# ODE IVP Series Solution

1. Oct 26, 2009

### GRB 080319B

1. The problem statement, all variables and given/known data
Find the series solution to the initial value problem.
xy$$\acute{}$$$$\acute{}$$ + y$$\acute{}$$ + 2y = 0
y(1) = 2
y$$\acute{}$$(1) = 4

2. Relevant equations

y=$$\sum^{\infty}_{n=0}c_{n}(x-1)^{n}$$

t = (x-1), x = (t+1)

y = $$\sum^{\infty}_{n=0}c_{n}t^{n}$$

y$$\acute{}$$= $$\sum^{\infty}_{n=1}c_{n}(n)t^{n-1}$$

y$$\acute{}$$$$\acute{}$$= $$\sum^{\infty}_{n=2}c_{n}(n)(n-1)t^{n-2}$$

3. The attempt at a solution
I substituted the above series into the DE, adjusted the series so they all had t$$^{n}$$, and took out terms so that they all had the same starting index.
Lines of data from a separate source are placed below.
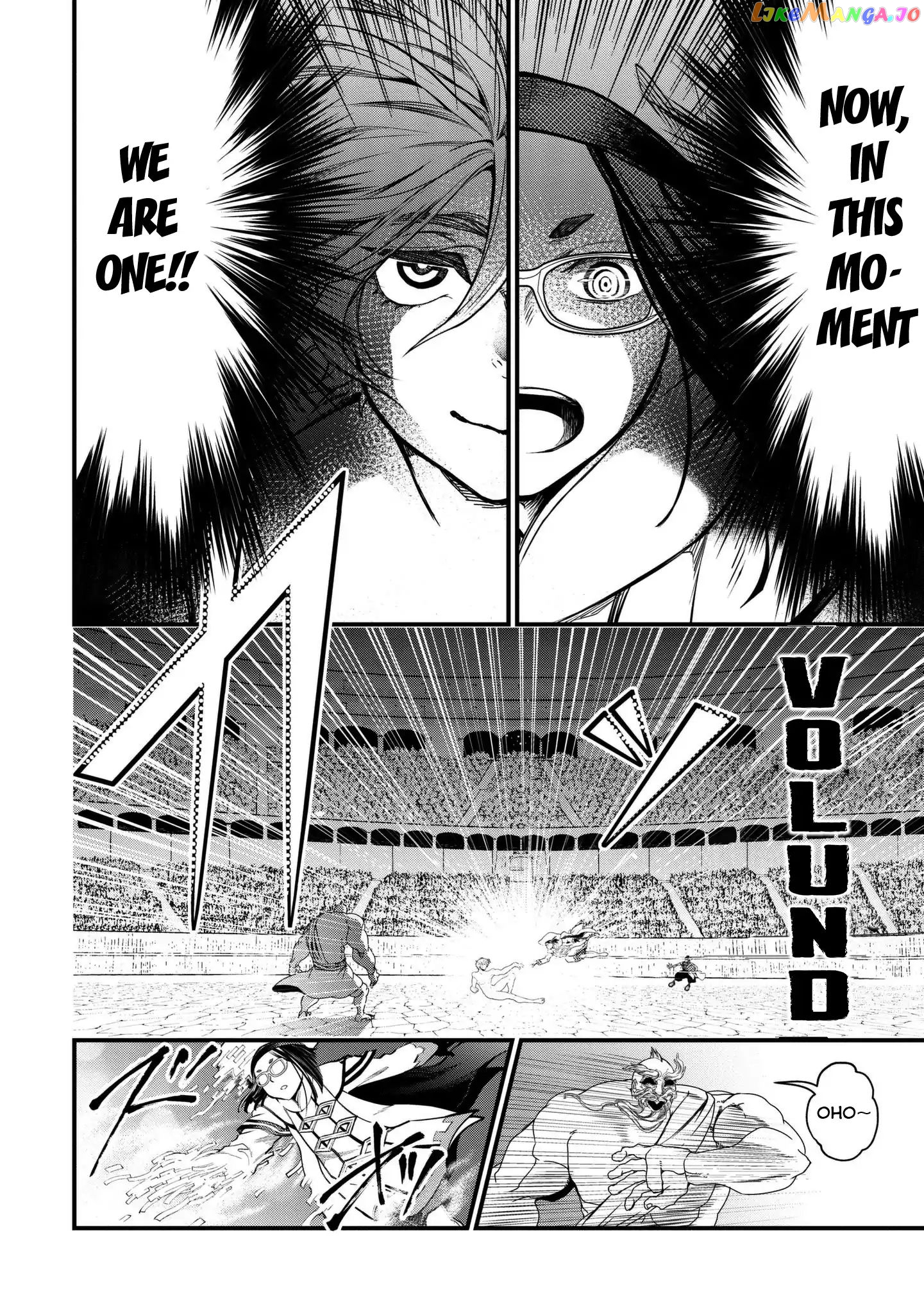 Record Of Ragnarok, Chapter 8 image 34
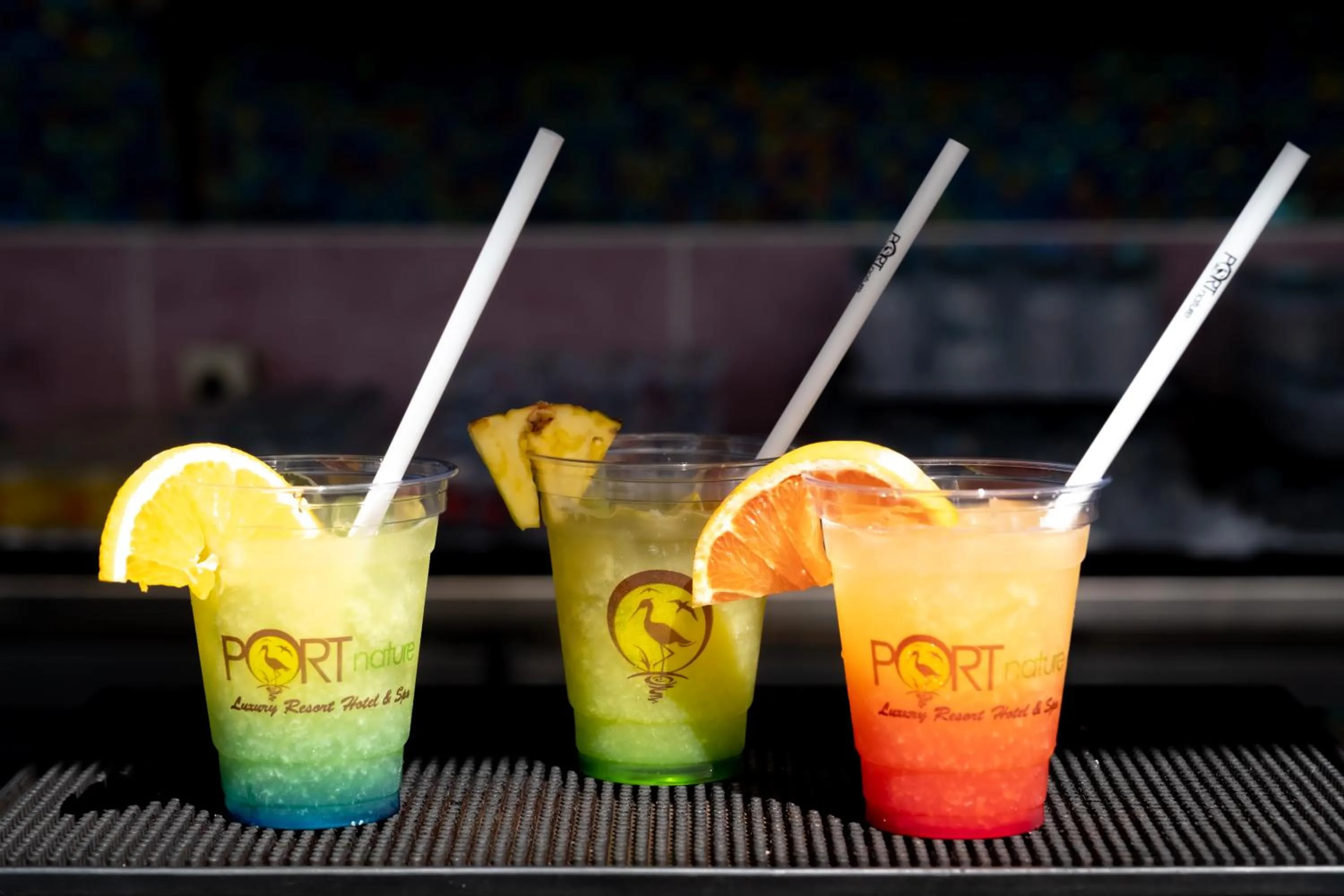 Lounge or bar in Port Nature Luxury Resort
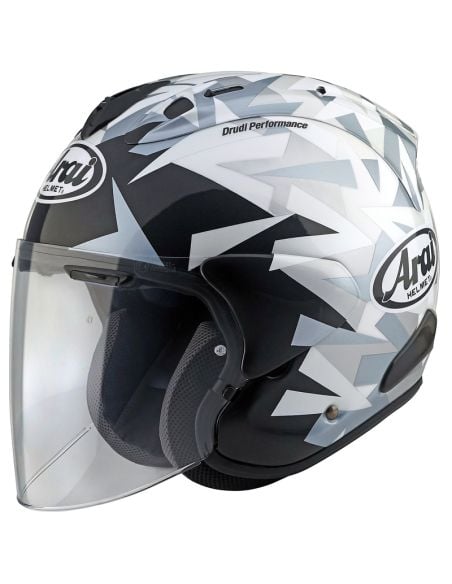 Casque Arai SZ R Vas Evo Mimesis ECE 22 06 Collection 2024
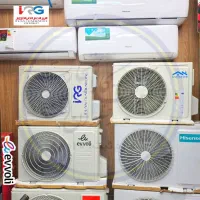 کولرگازی اسپلیت دو تکه هایسنس ۱۲/۱۸/۲۴/۳۰/۳۶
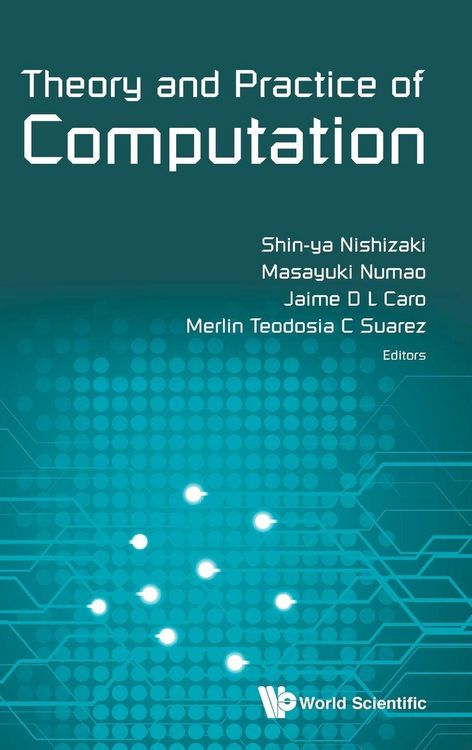 Produktbild: THEORY AND PRACTICE OF COMPUTATION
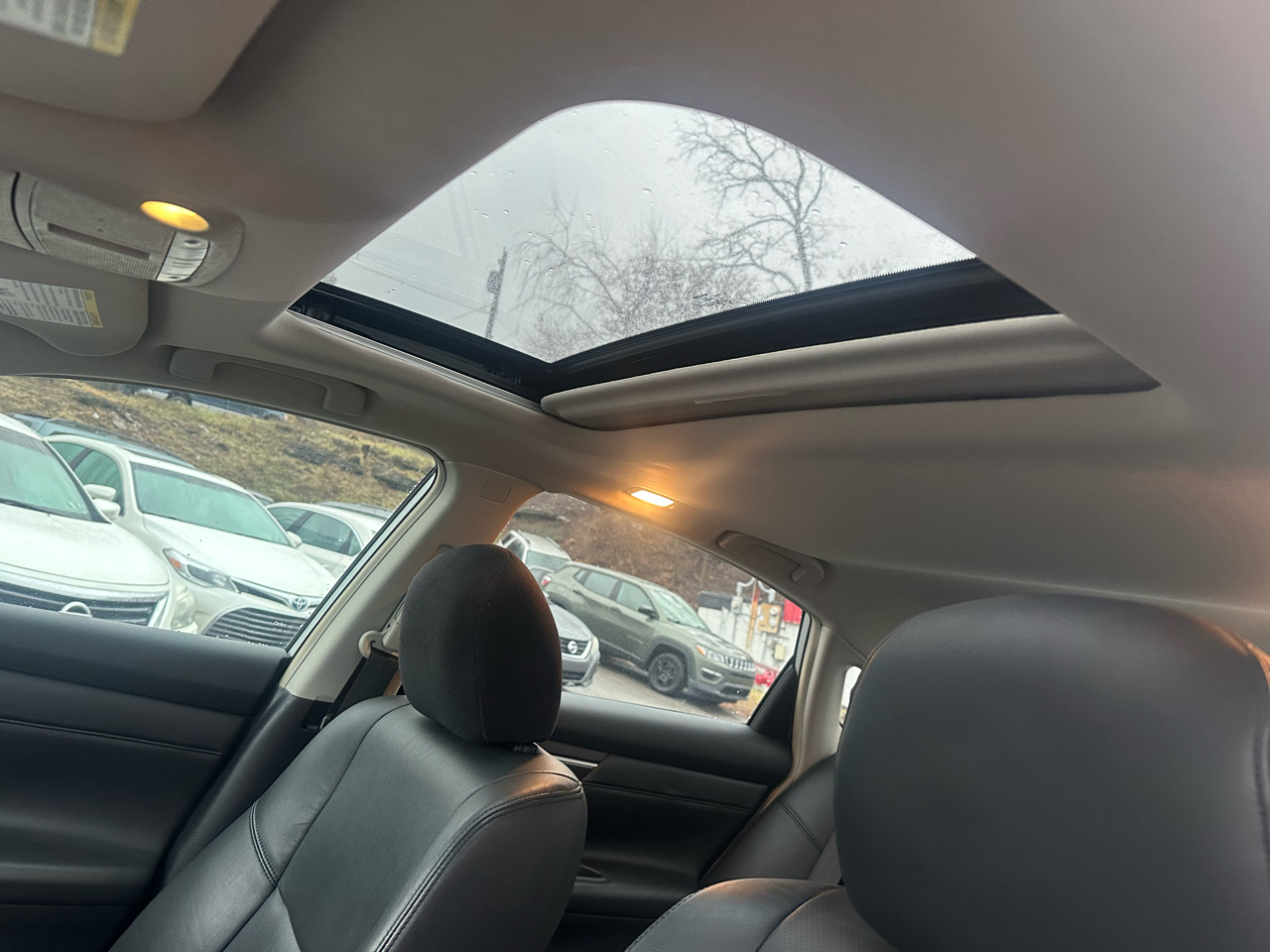 Nissan Altima 2.5 SL 2013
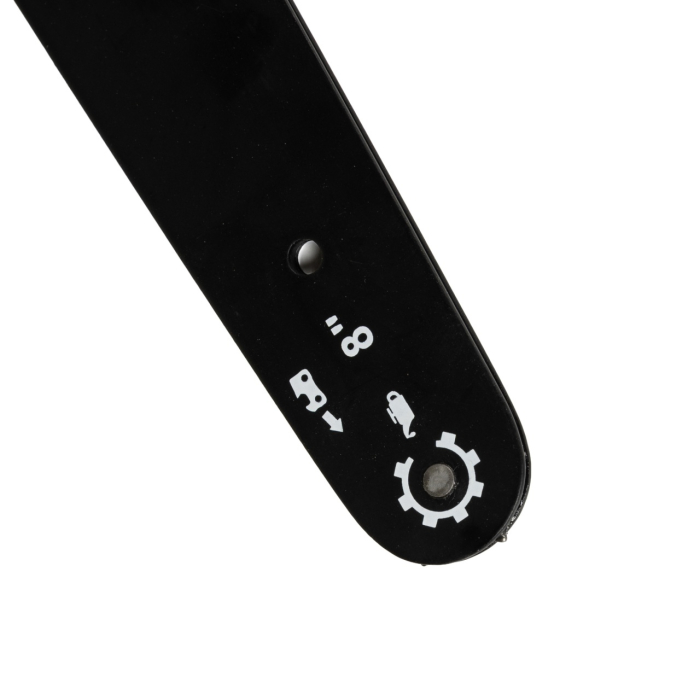 Lama Micul Padurar, 8'' 1/4'' 1.1mm, 46P 23D [2]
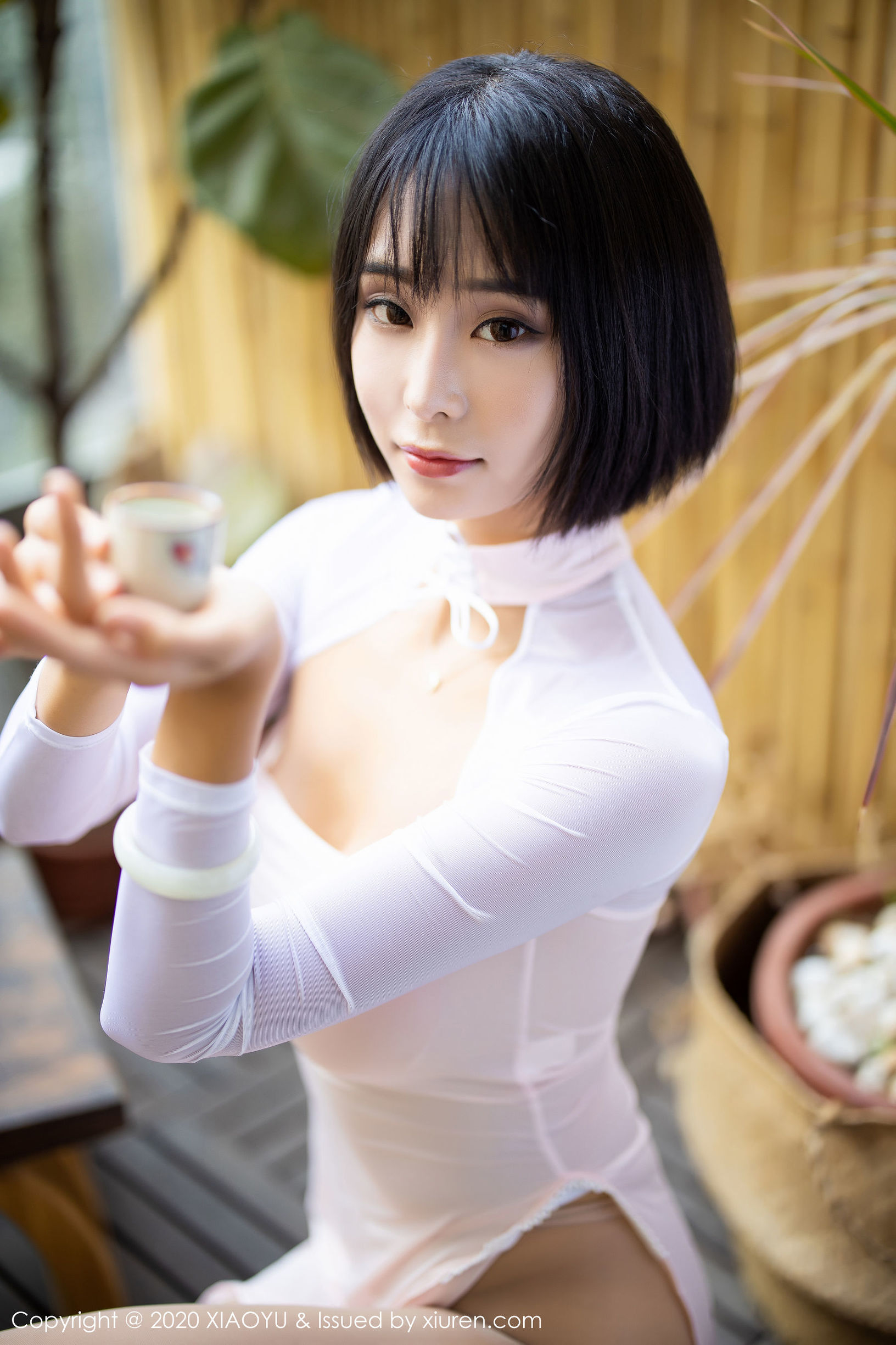 Ngữ Họa Giới XIAOYU] Tập 269 Lan Hạ Akasha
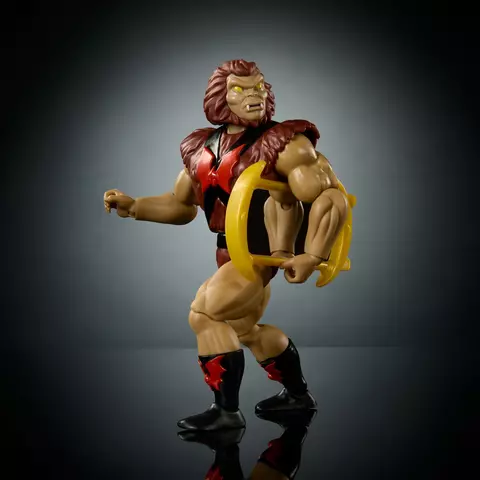 Comprar Figura Grizzlor Masters of the Universe Origins Mattel Figuras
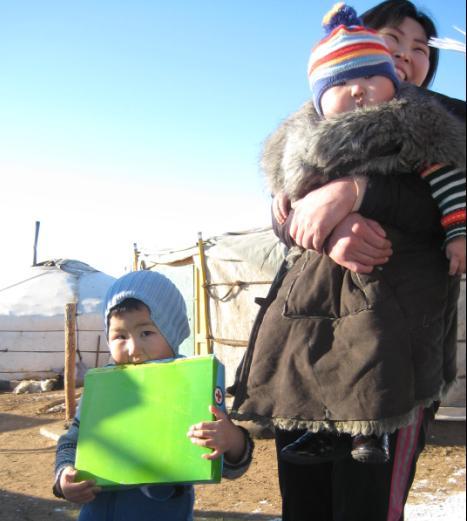 launched on 29 March 2010 seeking CHF 1,062,295 (USD 991,697 or EUR 744,243) in cash, kind, or services to support the Mongolian Red Cross' initiative to extend relief operation to eight more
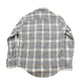 Vintage 1980s Wild River Plaid Flannel Button Up Shirt Men's S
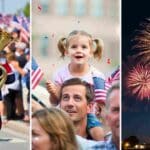 July 4 Parades and FIreworks 2026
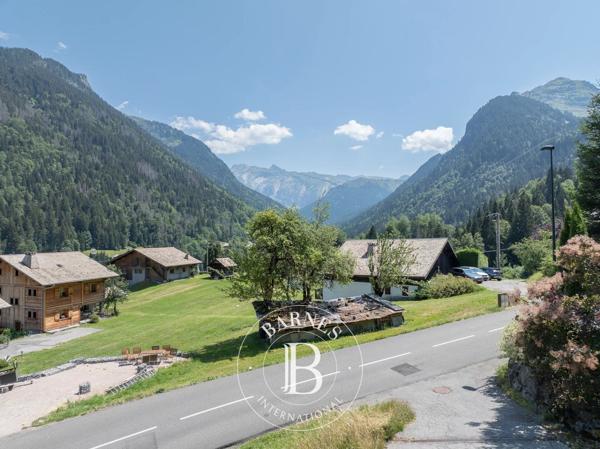 Morzine, Chalet 4 Chambres -  141 m² à vendre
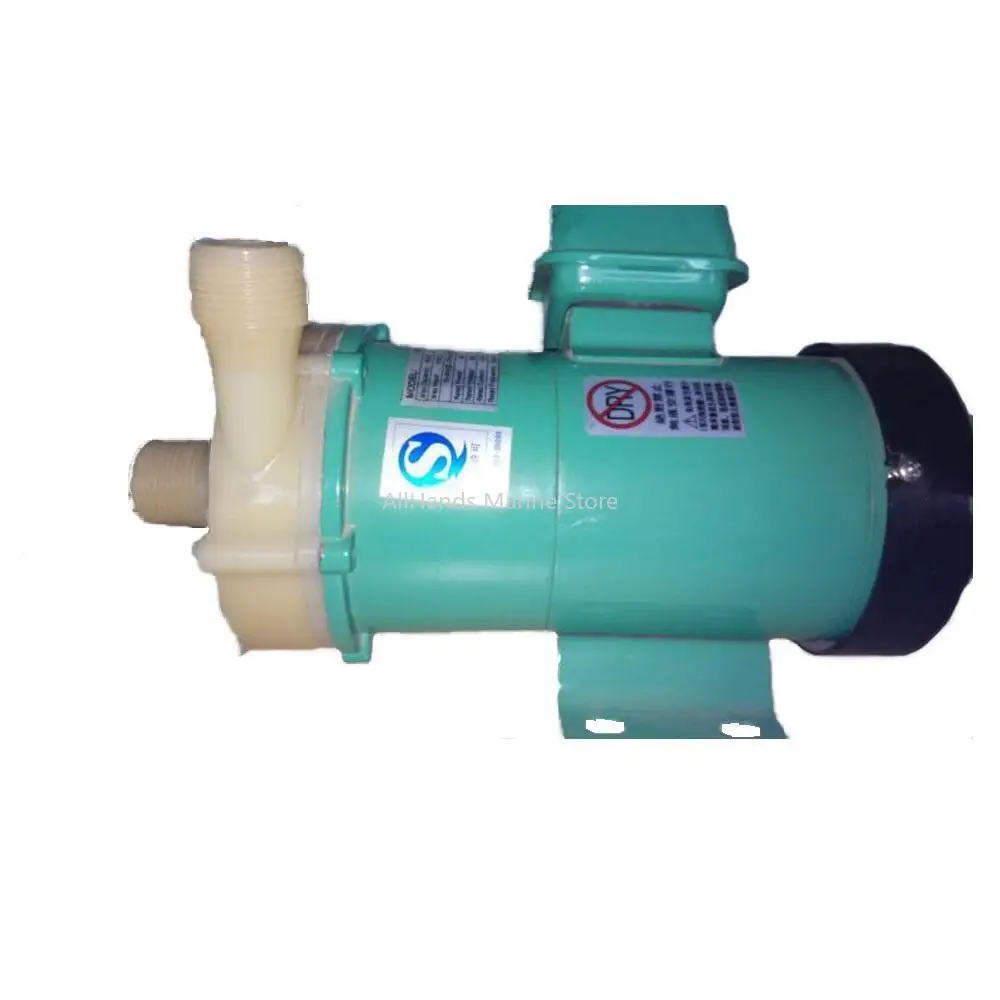 

Acid Resistance MP-15R Type Magnetic Chemical Pump Magnetic-Driven Cycle Pump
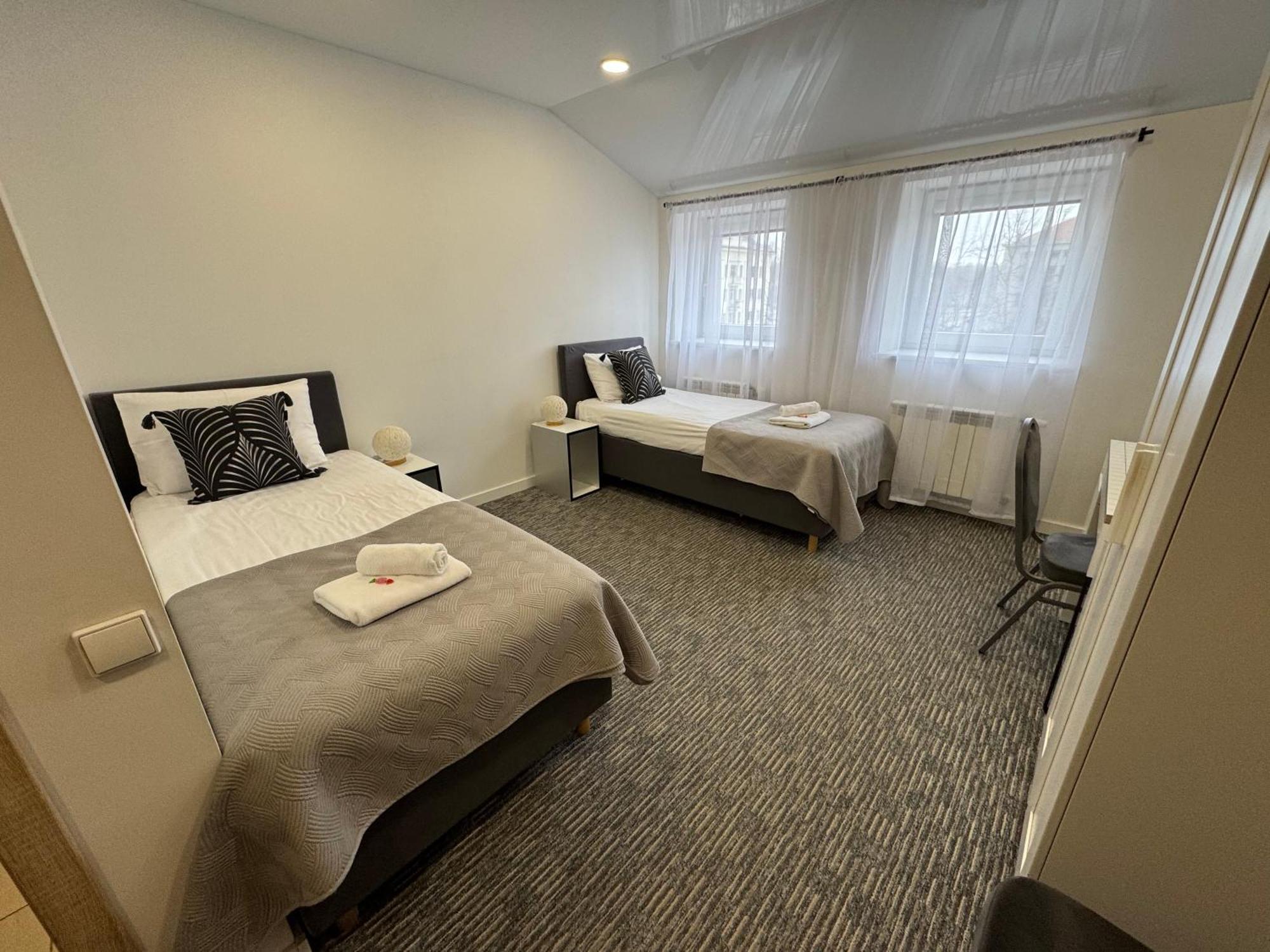 Grey Apartments "Easy Kaunas" Εξωτερικό φωτογραφία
By grouping the terms and the series, I got:

(2$$c_{2}$$ + $$c_{1}$$ + 2$$c_{0}$$) + $$\sum^{\infty}_{n=1}t^{n}[ (n+2)(n+1)c_{n+2} + (n+1)^{2}c_{n+1} + 2c_{n}]$$ = 0

Setting the terms and series equal to zero and finding several constants:

$$2c_{2}$$ + $$c_{1}$$ + $$2c_{0}$$ = 0

$$(n+2)(n+1)c_{n+2}$$ + $$c_{n+1}$$(n+1)$$^{2}$$ + $$2c_{n}$$] = 0

$$c_{0}$$ = -(2c_{2}[/tex]+$$c_{1}$$)/2

$$c_{1}$$ = -2($$c_{0}$$+$$c_{2}$$)

$$c_{2}$$ = -($$c_{1}$$+$$2c_{0}$$)

$$c_{3}$$ = $$(2/3)c_{0}$$

$$c_{4}$$ = $$(c1-4c0)/(3\cdot4)$$

$$c_{5}$$ = $$-(c1+5c0)/(3\cdot5)$$

$$c_{6}$$ = $$(9c1+46c0)/(2\cdot3\cdot5\cdot6)$$

I don't understand how find the solution for the initial values. I can't determine a pattern for the constants for $$c_{n}$$. Are you supposed to group these constants: y = $$c_{0}$$[ 1 + x + ...] + $$c_{1}$$[ 1 + x +...] to get the solution, and if so how do we find the constants for the initial values? Any help will be greatly appreciated.

2. Oct 27, 2009

### Staff: Mentor

Your initial conditions y(1) = 2 and y'(1) = 4 are all in terms of x. Your power series is in terms of t = x - 1, so x = 1 corresponds to t = 0. Does that help?